ABSTRACT
The accurate determination of the gas sorption properties of a carbon nanomaterial is a prerequisite to the assessment of its suitability for use in practical gas sorption applications. Over the last decade or so, the hydrogen sorption properties of some nanostructured carbons, including nanotubes and nanofibres, have been the subject of controversy due to the large variation in the hydrogen storage capacities reported in the literature. Although the microstructural characterization of the materials in question was partly to blame, the technically demanding nature of hydrogen sorption measurements also played a significant role. Many of the error sources that can affect hydrogen sorption measurements can also, however, affect the determination of the gas sorption properties of other species of practical interest. In this chapter, we cover the gas sorption techniques typically used to characterize the adsorption properties of materials, and discuss experimental methodology and potential sources of error in sorption measurements performed on nanostructured and nanoporous carbons.
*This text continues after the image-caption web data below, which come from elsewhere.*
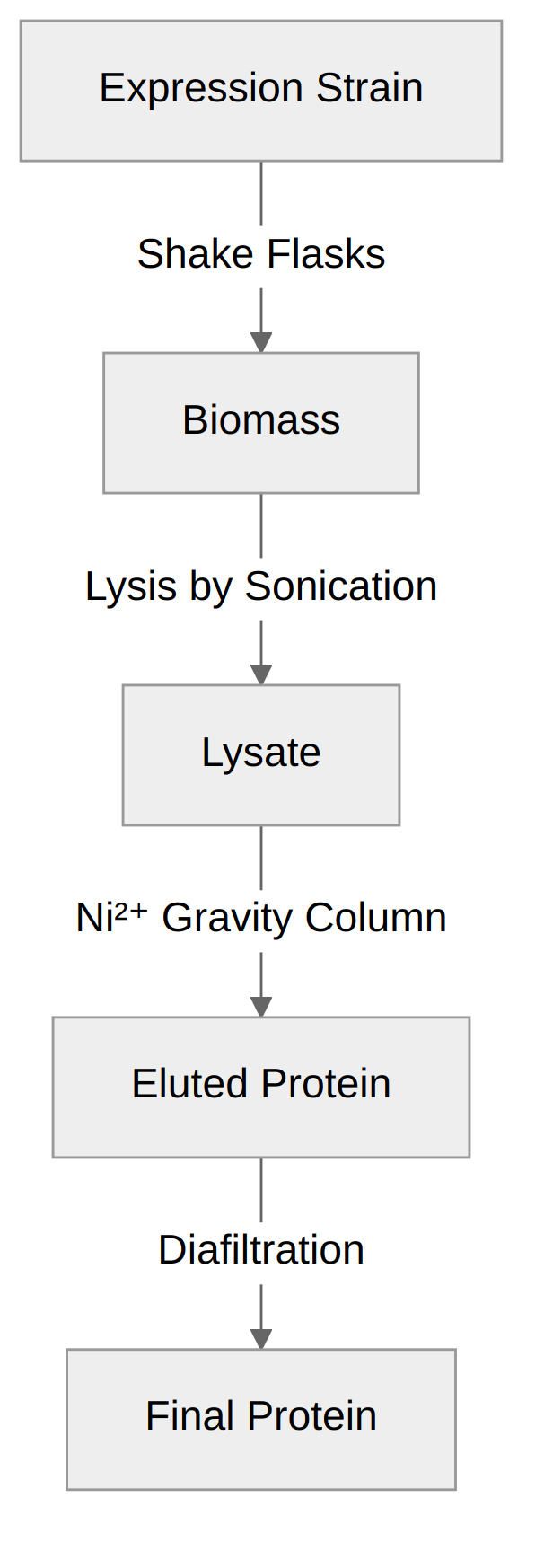 Flow chart for purifying His-tagged proteins from a stock of an expression strain.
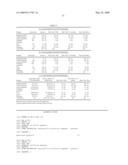 RNA INTERFERENCE MEDIATED INHIBITION OF ANGIOPOIETIN GENE EXPRESSION USING SHORT INTERFERING NUCLEIC ACID (siNA) diagram and image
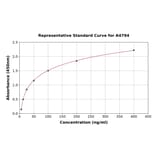 Standard Curve - Rabbit Complement C5a ELISA Kit (A4794) - Antibodies.com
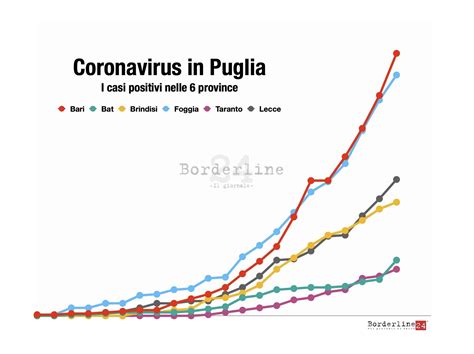 Coronavirus In Puglia Ecco La Curva In Salita Dei Contagi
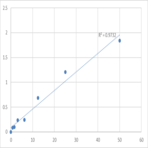 Human STE20/SPS1-related proline-alanine-rich protein kinase (STK39) ELISA Kit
We focus on elevated
pressure measurements, which are often required for practical applications, but are considerably more susceptible to error than those performed at sub-ambient pressure. 1.1 IntroductionThe quantitative determination of the gas sorption properties of materials is typically performed using the gravimetric and volumetric techniques. In addition, temperature-programmed methods have also been used recently to determine the hydrogen desorption properties of nanostructured and nanoporous carbons. The principal aim of a gas sorption measurement is often to determine a sorption isotherm, which is a plot of the quantity of gas adsorbed versus pressure at the measurement temperature. Gravimetric methods determine the amount of gas adsorbed or desorbed by measuring the weight change of a sample in response to its exposure to a step change in the gas pressure. Once equilibrium has been achieved, the weight reading is recorded and then the pressure changed. This process is repeated until a full isotherm has been determined. Volumetric techniques, on the other hand, determine the amount of gas adsorbed or desorbed using the real gas law, PV = nZRT (Eq. 1.1). The most common implementation of the technique measures the pressure change in a system of a fixed, known volume. An aliquot of gas is dosed from a calibrated volume into the sample cell. A decrease in pressure beyond that expected from the ratio of the dosing volume to the total system volume is then assumed to be due to adsorption. Further doses are delivered to the sample cell in order to construct a complete isotherm. In temperature-programmed hydrogen desorption techniques, a material is dosed with hydrogen and the temperature decreased below that required for desorption to occur. A temperature ramp is then applied and the desorbed quantity of hydrogen is monitored in one of a number of ways. Temperature-programmed desorption (TPD) from carbon nanomaterials typically requires a mass spectrometer. The total desorbed quantity can be determined from the integral of the mass spectrometer signal, providing it can be adequately calibrated. Otherwise, the temperature of the desorption peaks and the form of the spectrum provides information regarding the adsorbed state of the hydrogen.